Since the financial crisis of 2007, the Fed has been accommodating a weak, and possibly unstable, economy with extremely low interest rates. Last week's announcement signaled a slow return to more normal interest rates and an end of accommodating monetary policy. Policies can and will change if economic conditions were to become different.
In the kingdom, we must strike a proper balance in accommodation. We are to accommodate the poor, physically or mentally challenged, the elderly and those weak in knowledge or faith. The Bible tells us to go the extra mile to support them and to do everything out of love and faith. But accommodating or tolerating disruptive behaviors and beliefs can threaten the entire body. Leaven will spread throughout the dough, and heresy or gossip can do the same.
In an effort to accommodate political correctness, social mores and congregational preferences, today's churches can become too accommodating. Social customs, which the Bible clearly addresses, might be avoided because of political correctness. Needed changes to the order of service or the worship experience may be postponed because of the preferences of important members. Sometimes, the congregation might not be warned of clear biblical heresies that are currently popular in society (for example, there are many ways to heaven, all religions worship the same God, there is no hell, the Bible is not reliable, miracles are not for today and so on).

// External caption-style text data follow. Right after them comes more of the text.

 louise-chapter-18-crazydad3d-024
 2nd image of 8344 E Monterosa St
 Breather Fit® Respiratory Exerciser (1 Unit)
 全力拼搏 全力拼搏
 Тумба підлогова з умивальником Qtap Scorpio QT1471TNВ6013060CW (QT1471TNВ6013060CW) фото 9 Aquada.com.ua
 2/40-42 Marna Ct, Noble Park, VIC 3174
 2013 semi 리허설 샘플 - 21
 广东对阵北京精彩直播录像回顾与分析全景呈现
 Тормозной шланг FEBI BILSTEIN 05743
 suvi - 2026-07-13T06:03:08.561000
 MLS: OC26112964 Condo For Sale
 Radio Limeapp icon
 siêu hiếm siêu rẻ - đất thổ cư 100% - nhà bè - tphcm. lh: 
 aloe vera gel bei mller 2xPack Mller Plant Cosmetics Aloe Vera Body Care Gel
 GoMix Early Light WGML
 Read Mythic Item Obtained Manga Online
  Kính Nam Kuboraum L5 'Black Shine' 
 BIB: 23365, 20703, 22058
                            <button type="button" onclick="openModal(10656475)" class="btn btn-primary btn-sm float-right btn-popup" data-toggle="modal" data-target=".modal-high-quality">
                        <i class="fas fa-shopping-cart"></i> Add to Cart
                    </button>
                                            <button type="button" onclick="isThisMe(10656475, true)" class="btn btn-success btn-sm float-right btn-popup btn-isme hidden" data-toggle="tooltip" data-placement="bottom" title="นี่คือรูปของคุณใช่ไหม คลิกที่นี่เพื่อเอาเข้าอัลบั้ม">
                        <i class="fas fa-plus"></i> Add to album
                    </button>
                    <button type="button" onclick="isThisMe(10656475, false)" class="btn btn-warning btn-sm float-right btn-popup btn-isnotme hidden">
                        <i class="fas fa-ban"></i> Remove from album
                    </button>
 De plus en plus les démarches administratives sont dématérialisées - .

Paul warned Timothy that the time will come when people will not endure sound doctrine. They will look for teachers who make them feel good and who teach what they desire. They will reject the truth and embrace myths.
For the time will come when people will not endure sound doctrine, but they will gather to themselves teachers in accordance with their own desires, having itching ears, and they will turn their ears away from the truth and turn to myths (2 Tim. 4:3-4).
In other words, 2,000 years ago, Paul was warning his young protege of what was to come. The temptation to accommodate the peoples' desires would be great. Paul gave Timothy inspired instructions for dealing with the challenge. Specifically, he told the young man to preach the word, teach, be prepared, show patience, be sober, endure hardship, work as an evangelist and fulfill his ministry.
"Preach the word, be ready in season and out of season, reprove, rebuke, and exhort, with all patience and teaching" (2 Tim. 4:2).
"But be self-controlled in all things, endure afflictions, do the work of an evangelist, and prove your ministry" (2 Tim. 4:5).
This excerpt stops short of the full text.